- Born: Queens, New York City
- Education: Harvard University (AB); University of California, Berkeley (PhD);
- Relatives: Lisa Randall (sister)
- Awards: Fellow of the American Mathematical Society, Fellow of the Association for Computing Machinery, Outstanding Service Award, Georgia Tech
- Scientific career
- Fields: Theoretical computer science
- Institutions: Georgia Institute of Technology
- Thesis: Counting in Lattices: Some Combinatorial Problems from Statistical Mechanics (1994)
- Doctoral advisor: Alistair Sinclair

= Dana Randall =

American computer scientist

Dana Randall is an American computer scientist. She is a Regents' professor of computer science and adjunct professor of mathematics at the Georgia Institute of Technology. She is also an external professor of the Santa Fe Institute. Previously she was executive director of the Georgia Tech Institute of Data Engineering and Science (IDEaS) that she co-founded, director of the Algorithms and Randomness Center, and served as the ADVANCE Professor of Computing. Her research areas include combinatorics, computational aspects of statistical mechanics, Monte Carlo stimulation of Markov chains, randomized algorithms and programmable active matter.

==Education==
Randall was born in Queens, New York. She graduated from New York City's Stuyvesant High School in 1984. She received her A.B. in Mathematics from Harvard University in 1988 and her Ph.D. in computer science from the University of California, Berkeley in 1994 under the supervision of Alistair Sinclair.
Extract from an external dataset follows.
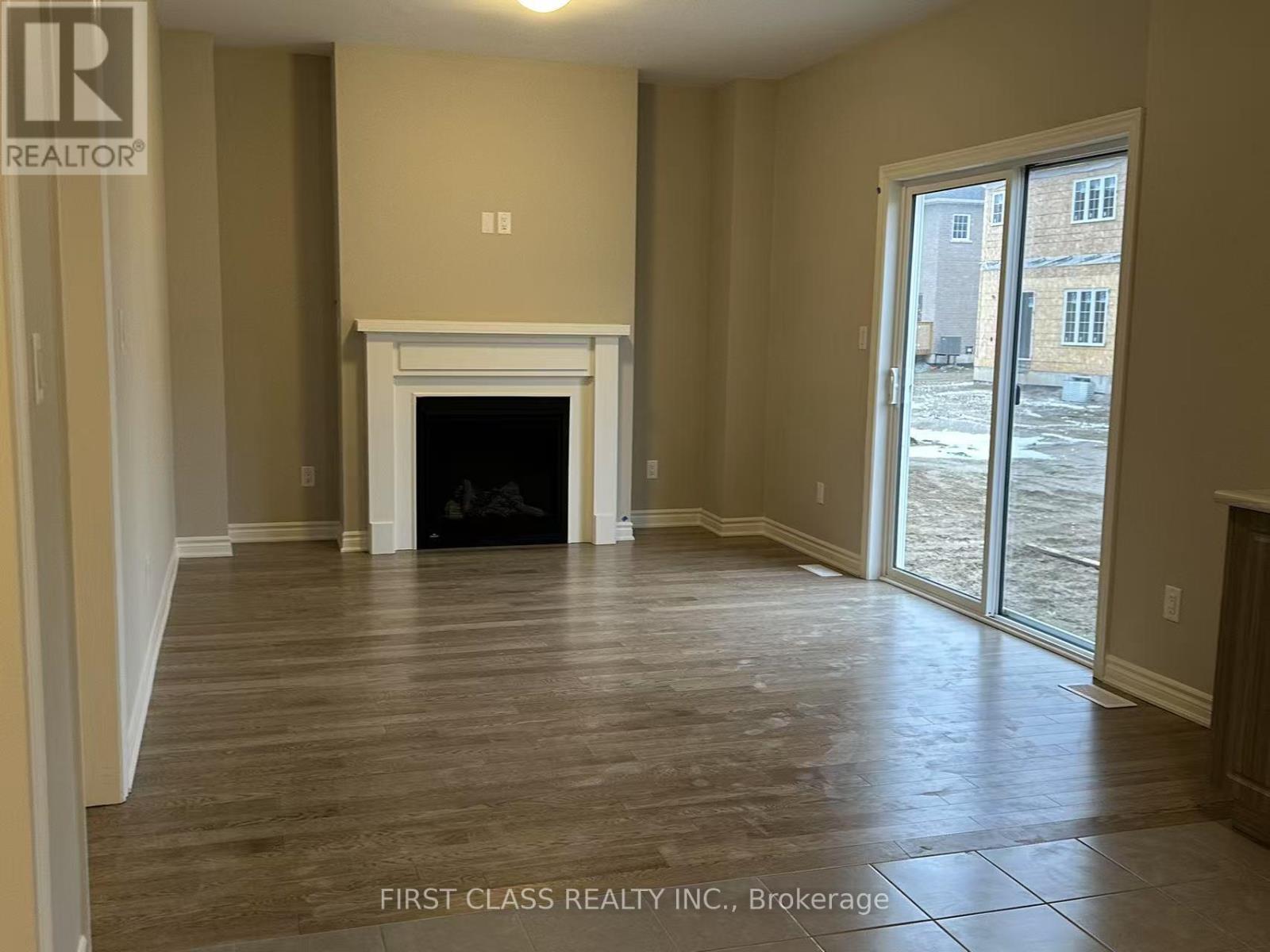 Photo 48 of 279 Springfield Crescent, Clearview ON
Her sister is theoretical physicist Lisa Randall.

==Research==
Her primary research interest is analyzing algorithms for counting problems (e.g. counting matchings in a graph) using Markov chains. One of her important contributions to this area is a decomposition theorem for analyzing Markov chains.

==Accolades==
In 2012 she became a fellow of the American Mathematical Society. She was named as an ACM Fellow, in the 2024 class of fellows, "for contributions to the theory of Markov chains and programmable active matter".

She delivered the Arnold Ross Lecture on October 29, 2009, an honor previously conferred on Barry Mazur, Elwyn Berlekamp, Ken Ribet, Manjul Bhargava, David Kelly and Paul Sally.